Work task: Exact copy, no pictures: return only the lines below from the line with "Fotografie 4: 這好宅" up to and including the line with "3-氨基联苯,≥99%".

Given entries:

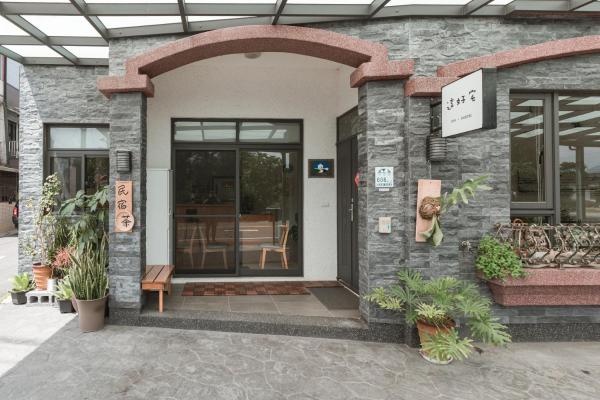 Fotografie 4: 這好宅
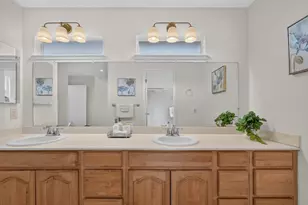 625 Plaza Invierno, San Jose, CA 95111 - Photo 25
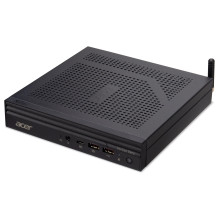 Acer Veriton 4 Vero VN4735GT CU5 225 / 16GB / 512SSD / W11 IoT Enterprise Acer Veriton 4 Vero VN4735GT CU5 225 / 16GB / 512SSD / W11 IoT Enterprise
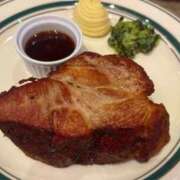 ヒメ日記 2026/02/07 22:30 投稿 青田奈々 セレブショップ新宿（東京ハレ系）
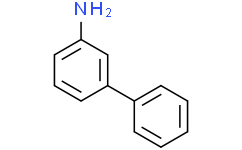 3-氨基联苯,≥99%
---
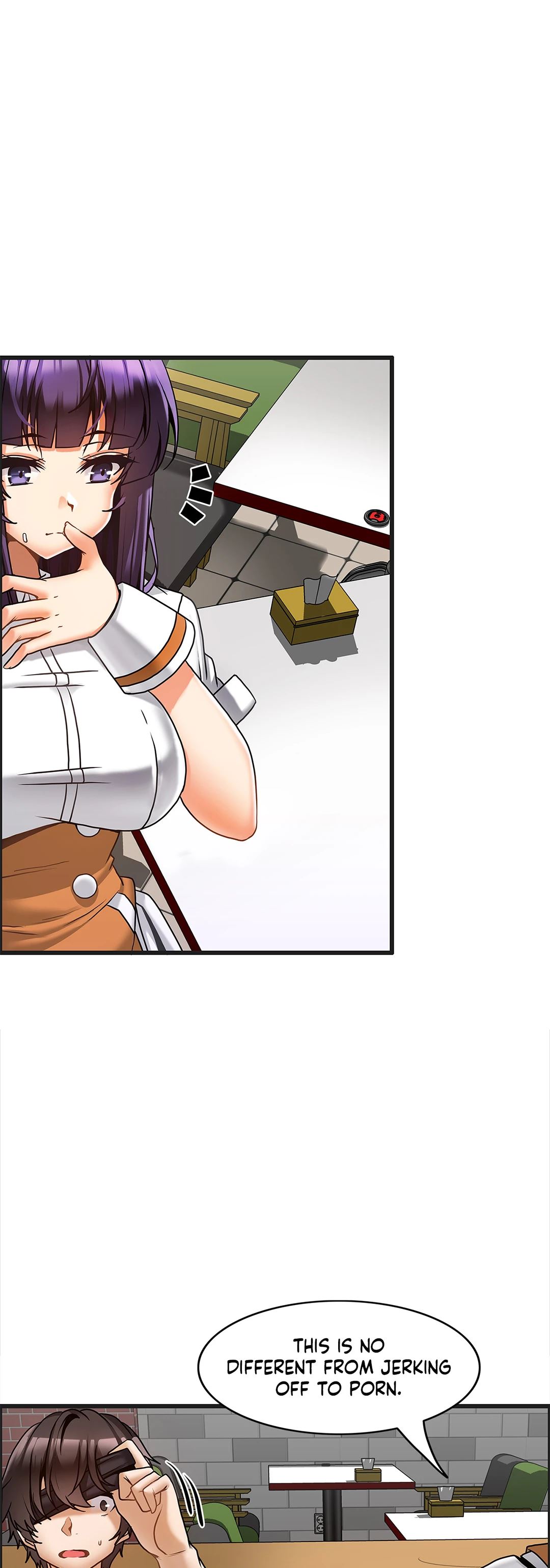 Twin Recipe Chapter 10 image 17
--
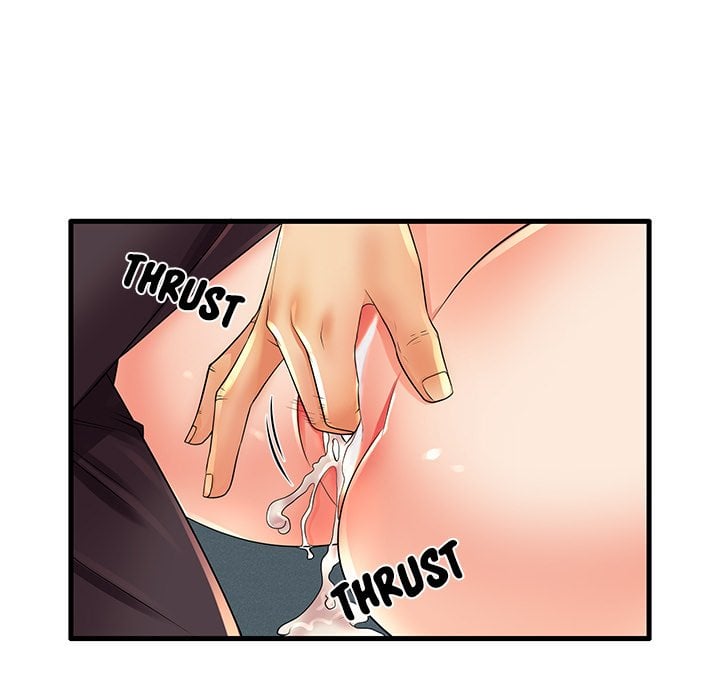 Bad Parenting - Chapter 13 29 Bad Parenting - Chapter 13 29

Task result:
 Fotografie 4: 這好宅
 625 Plaza Invierno, San Jose, CA 95111 - Photo 25
 Acer Veriton 4 Vero VN4735GT CU5 225 / 16GB / 512SSD / W11 IoT Enterprise Acer Veriton 4 Vero VN4735GT CU5 225 / 16GB / 512SSD / W11 IoT Enterprise
 ヒメ日記 2026/02/07 22:30 投稿 青田奈々 セレブショップ新宿（東京ハレ系）
 3-氨基联苯,≥99%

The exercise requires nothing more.